::: MATERIALS PROVIDED :::
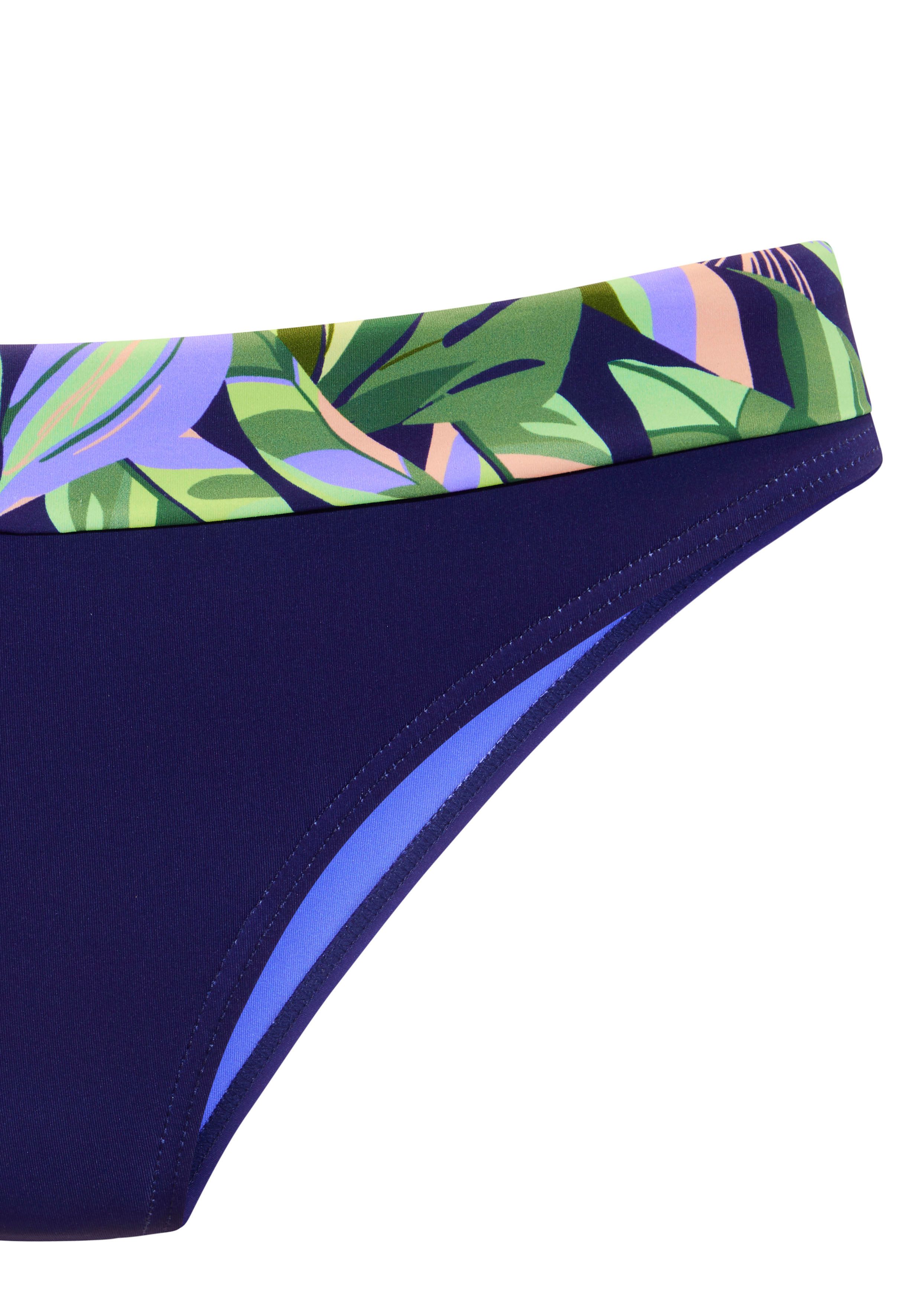 s.Oliver Bikini-Hose Avin mit modernem Allover-Print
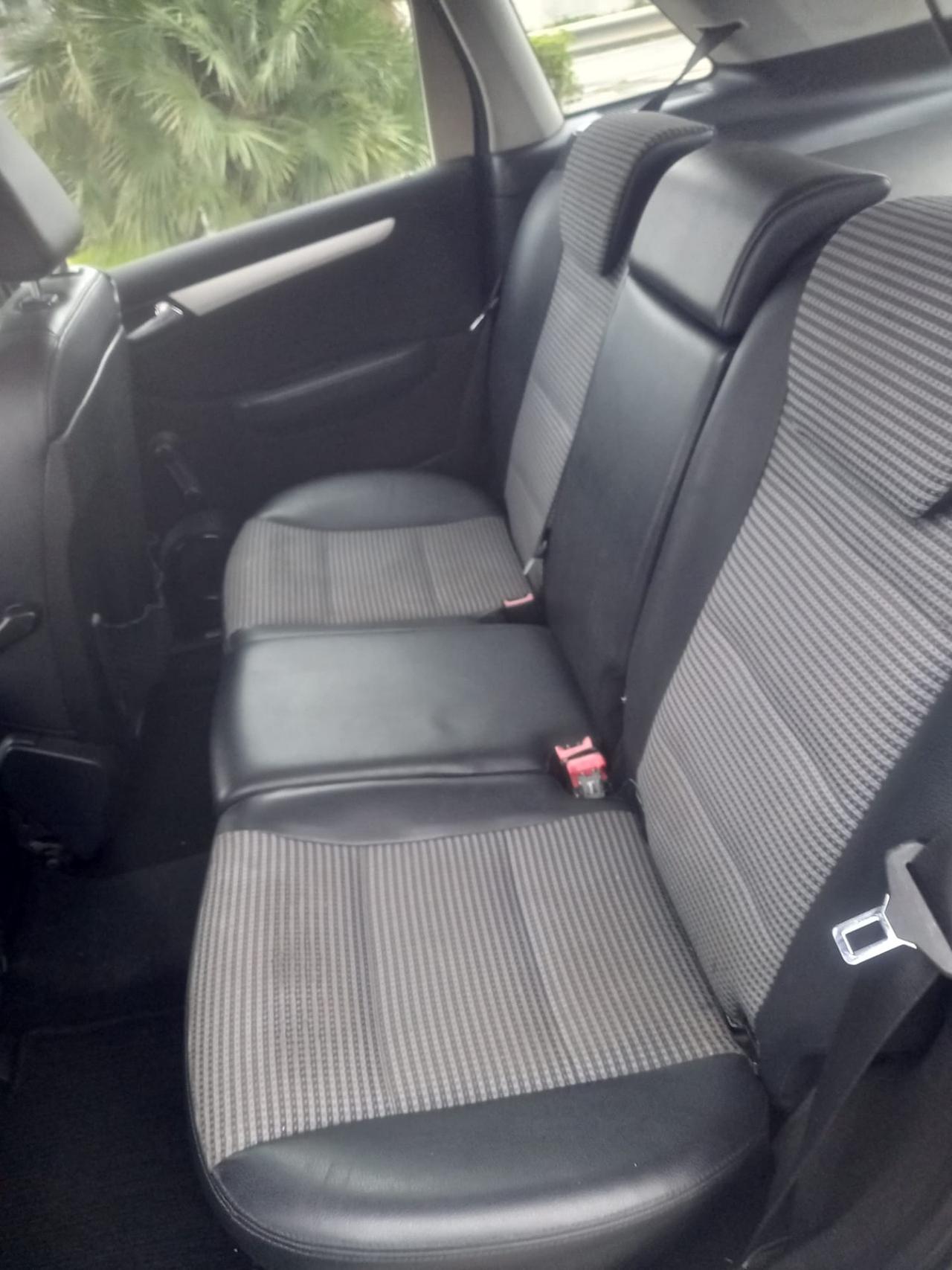 Mercedes-benz B 180 2010.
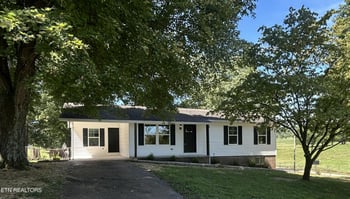 4089 Glenmore Dr, Rockford, TN 37853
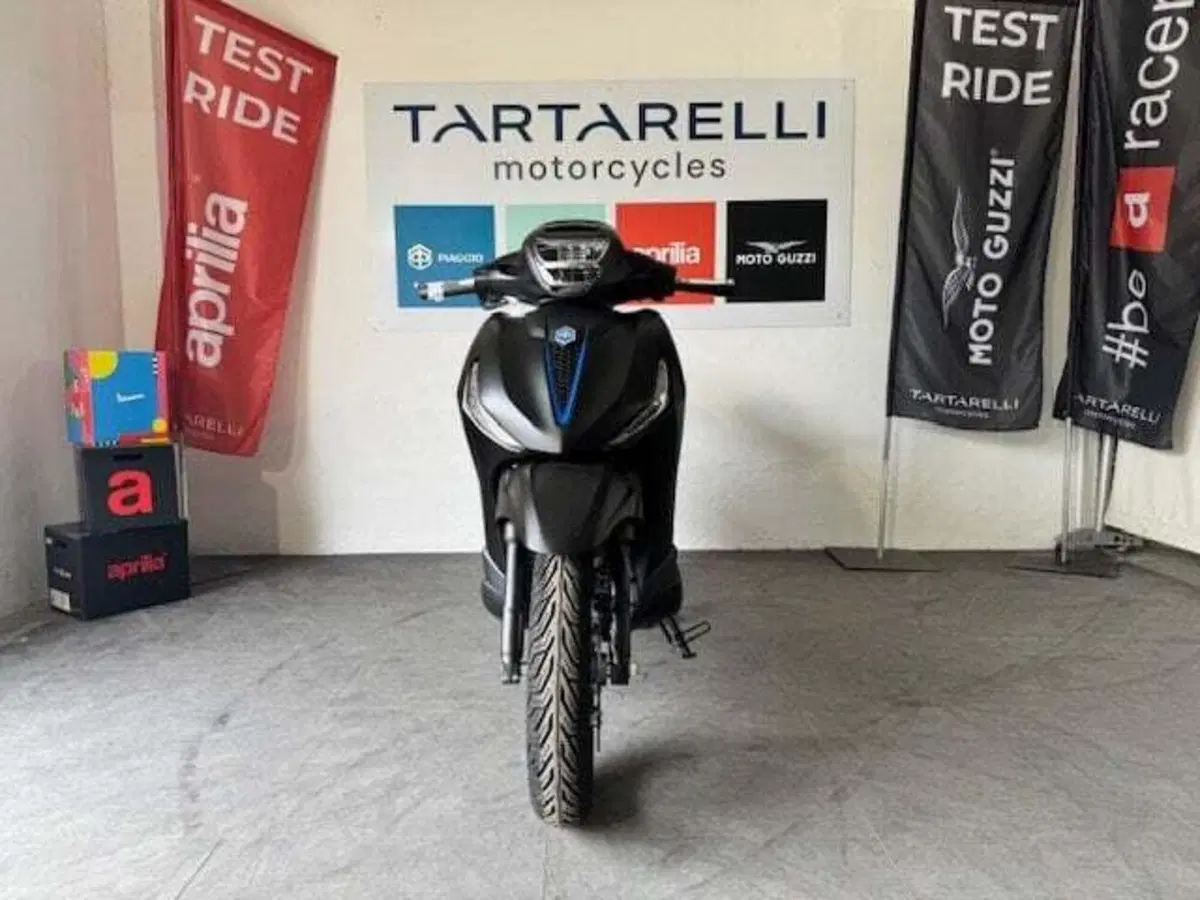 Piaggio Beverly 310 S (2025 - 26)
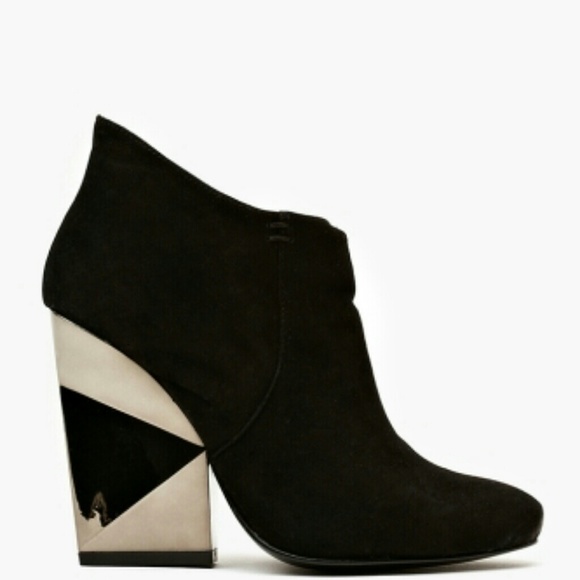 Black Kemp ankle boot gunmetal archetectual Heel 7 - Picture 1 of 2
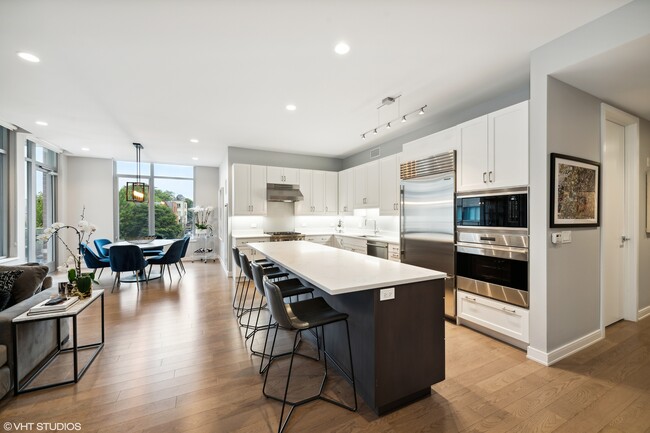 Foto del edificio - 540 W Webster Ave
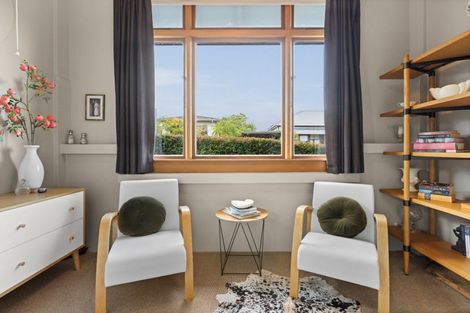 Photo of property in 12 Havelock Road, Hospital Hill, Napier, 4110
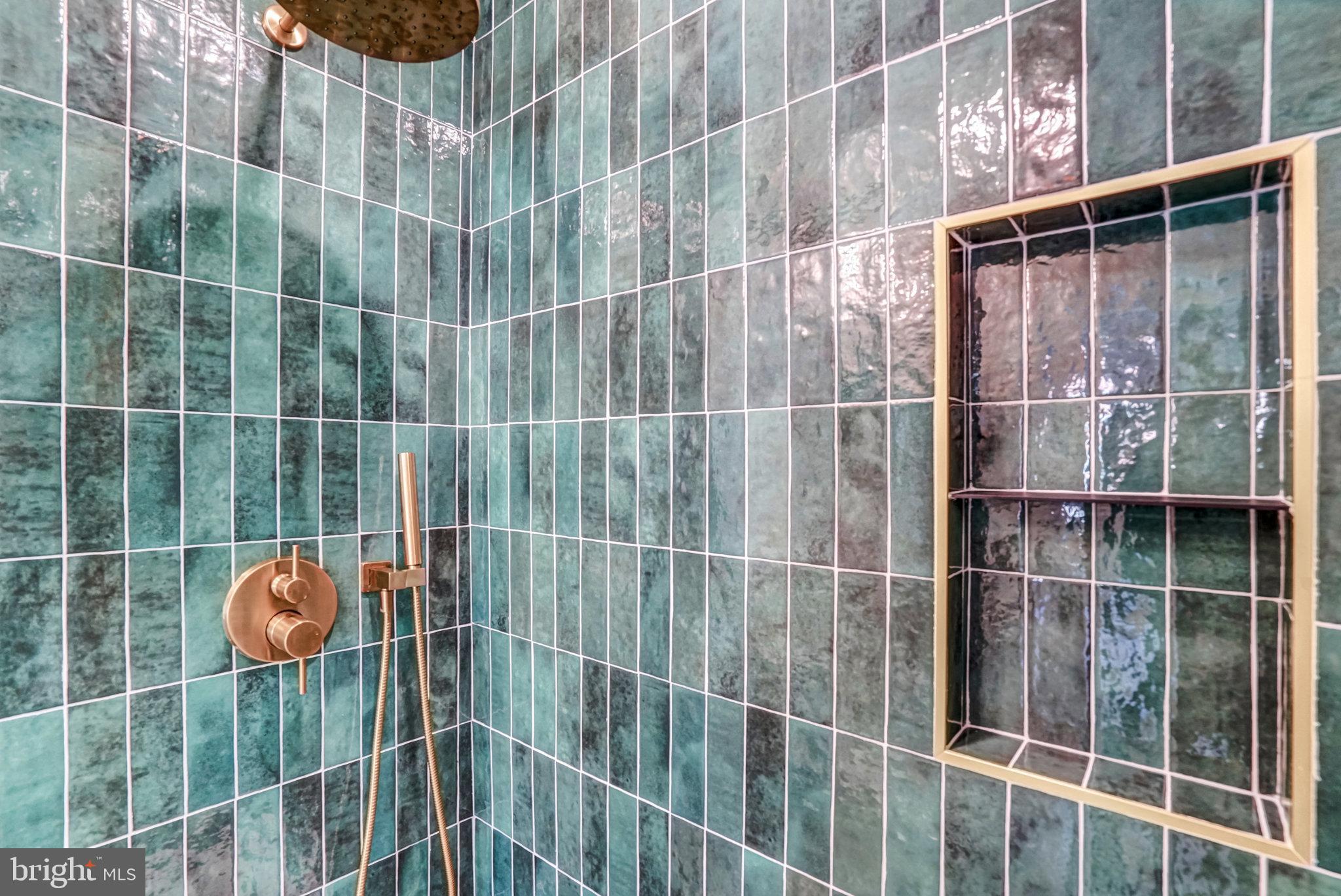 BRADDOCK PLACE TOWNHOMES - Residential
:::
Every line from the one that holds "Black Kemp ankle" to the last line of the records above goes into the answer, exactly as written; nothing else does, and no picture does either.

▶ [THE ANSWER]:
 Black Kemp ankle boot gunmetal archetectual Heel 7 - Picture 1 of 2
 Foto del edificio - 540 W Webster Ave
 Photo of property in 12 Havelock Road, Hospital Hill, Napier, 4110
 BRADDOCK PLACE TOWNHOMES - Residential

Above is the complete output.